## Assignment
Beginning with the line that has "Image of 2 Rolls" and ending with the line that has "Meksika Körfezi. Soluk", retype the entries below exactly, except for the pictures.

## Raw data
* * *
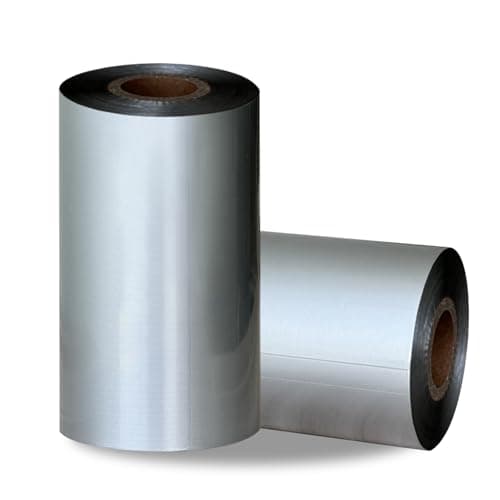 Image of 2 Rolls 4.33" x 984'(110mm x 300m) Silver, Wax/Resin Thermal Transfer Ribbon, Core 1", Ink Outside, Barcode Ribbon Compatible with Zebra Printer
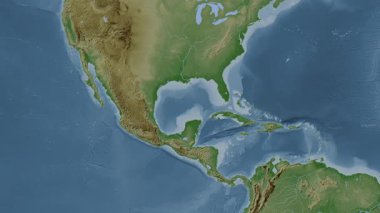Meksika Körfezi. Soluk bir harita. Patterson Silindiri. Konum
* * *
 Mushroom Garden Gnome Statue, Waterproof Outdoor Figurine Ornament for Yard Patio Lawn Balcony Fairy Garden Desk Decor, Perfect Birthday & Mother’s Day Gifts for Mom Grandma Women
* * *
## Response to this task
 Image of 2 Rolls 4.33" x 984'(110mm x 300m) Silver, Wax/Resin Thermal Transfer Ribbon, Core 1", Ink Outside, Barcode Ribbon Compatible with Zebra Printer
Meksika Körfezi. Soluk bir harita. Patterson Silindiri. Konum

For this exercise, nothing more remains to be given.